“The play begins at two o’clock,” I told my literature class. “This information is so important that I have included it on this quiz that I am about to hand out.”
Thirty students nodded their heads appreciatively.
“The first question on the quiz is, ‘What time does the play start?’ The answer is ‘two o’clock.'”
Thirty students looked me in the eye, grateful to know the answer to the first question on the quiz.
“I have written ‘2:00 pm’ on the board,” I droned on. “And what time does the play begin?”
Thirty students, now beginning to get bored with the repetition of the same information, looked at the black board and responded in unison, “Two o’clock.”
And when I graded the quizzes, 30 students had answered the first question correctly. “What time does the play begin?” “Two o’clock.”
But there were 31 students in the class.
***
What is to be said about the thirty-first student, the one who got the question wrong? What can we say about the student who didn’t see “Two o’clock” written on the board, who didn’t hear me say “two o’clock” repeatedly, who didn’t hear his classmates say “two o’clock” in unison?
Before we address this student, I’d like for you to take a short quiz for me. There’s only one question. Click here for Daniel Simons and Christopher Chabris’s quiz.
I’m begging you. Before you read any more of this essay, click on this link and answer the question. The rest of this post won’t make any sense if you don’t take the quiz first.
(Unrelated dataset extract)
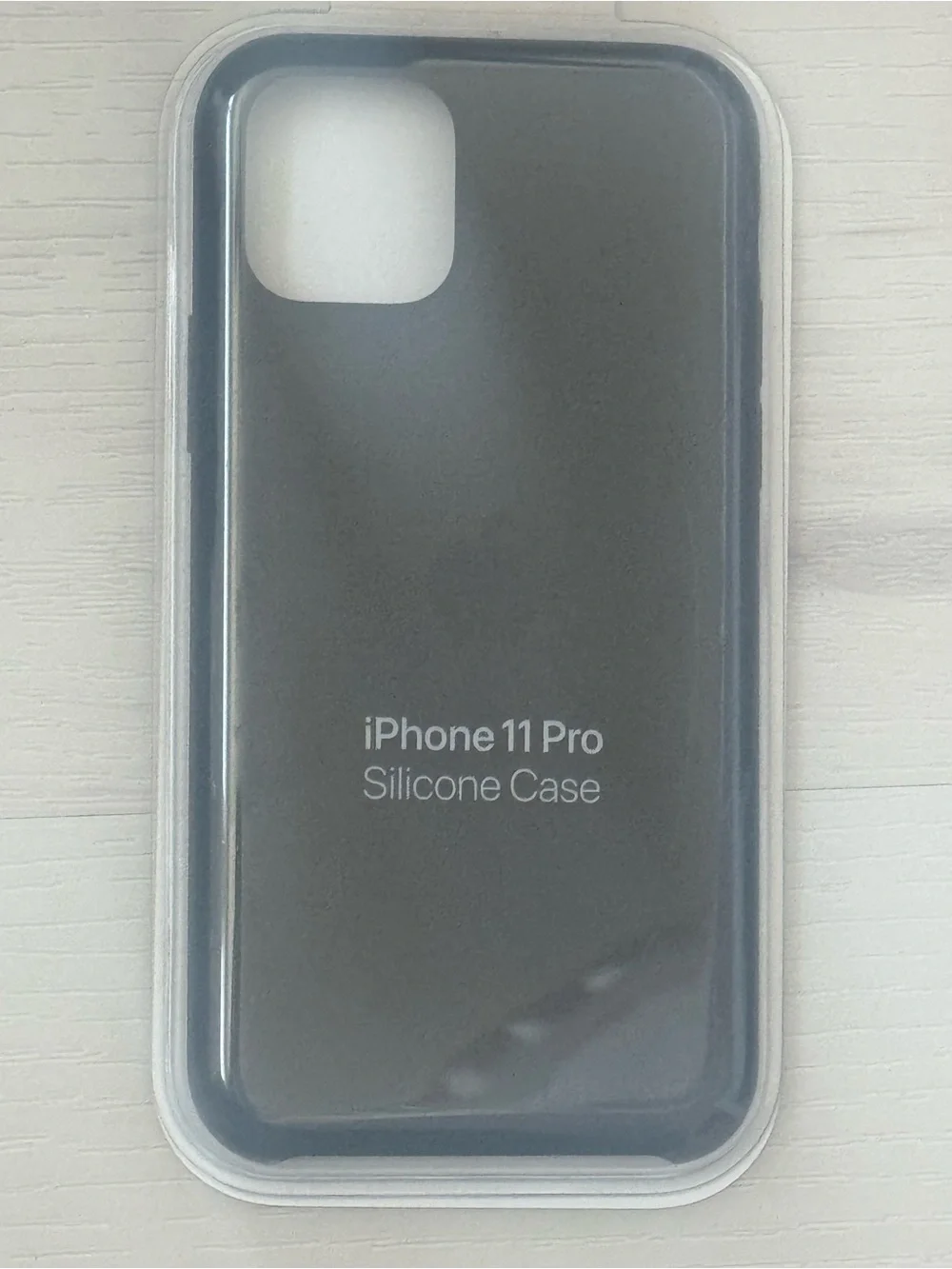 Apple iPhone 11 Pro Silicone Case - Black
Spoiler alert: If you haven’t clicked on the link to the quiz by Daniel Simons and Christopher Chabris, you’re going to have to stay after class and clap erasers. The video takes barely over a minute. Please click on it now. I’ll wait right here.
***
Back? Thank you for clicking on the link and watching the video. Did you count accurately the number of times the children in white threw the basketball? I didn’t. I only counted 13 passes. Apparently, there were actually 15.
But did you see the gorilla?
Neither did I.
***
“She never said anything about the math test. I swear. Not a word. How did the other kids know there was a math test? I don’t know. She must have talked to them after class. That’s the only thing I can think of. Because she never said anything during class. I promise. Yes, I listen in class, mom. Of course I pay attention. What do you think I am, stupid?”
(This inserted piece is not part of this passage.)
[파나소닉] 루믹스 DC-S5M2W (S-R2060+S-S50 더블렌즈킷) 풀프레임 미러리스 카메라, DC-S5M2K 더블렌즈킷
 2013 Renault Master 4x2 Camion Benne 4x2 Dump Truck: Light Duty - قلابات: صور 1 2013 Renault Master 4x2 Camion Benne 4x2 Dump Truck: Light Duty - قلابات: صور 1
You have to take this child at his word. He is telling the truth. As far as he is concerned, the teacher made no mention of any upcoming math test. And of course, you have to take his teacher at her word too. She did announce the math test. She probably wrote it on the board: “Math test tomorrow!” Maybe she even had all the kids repeat it out loud, in unison, “Math test tomorrow!”
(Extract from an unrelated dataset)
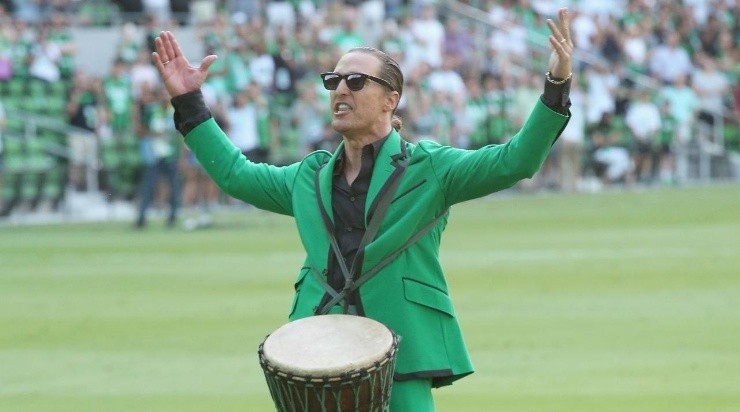 Matthew McConaughey (Getty)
But this kid, the 31st student, didn’t attend to that stimulus. Maybe he was thinking about the homework he has for Chemistry; maybe he was thinking about whether or not Tommy likes Lisa; maybe he was trying to work out the Grand Unified Field Theory; maybe he was listening to a sparrow burp in Broward County. But he didn’t hear anything about a math test and, as a result, he didn’t study and he didn’t do well.
You can yell at him all you want. “Why don’t you pay attention? All the other kids knew there was a math test!”
Or you can acknowledge that, with a trillion neurons each, no two brains are the same.
And that not everyone sees the gorilla.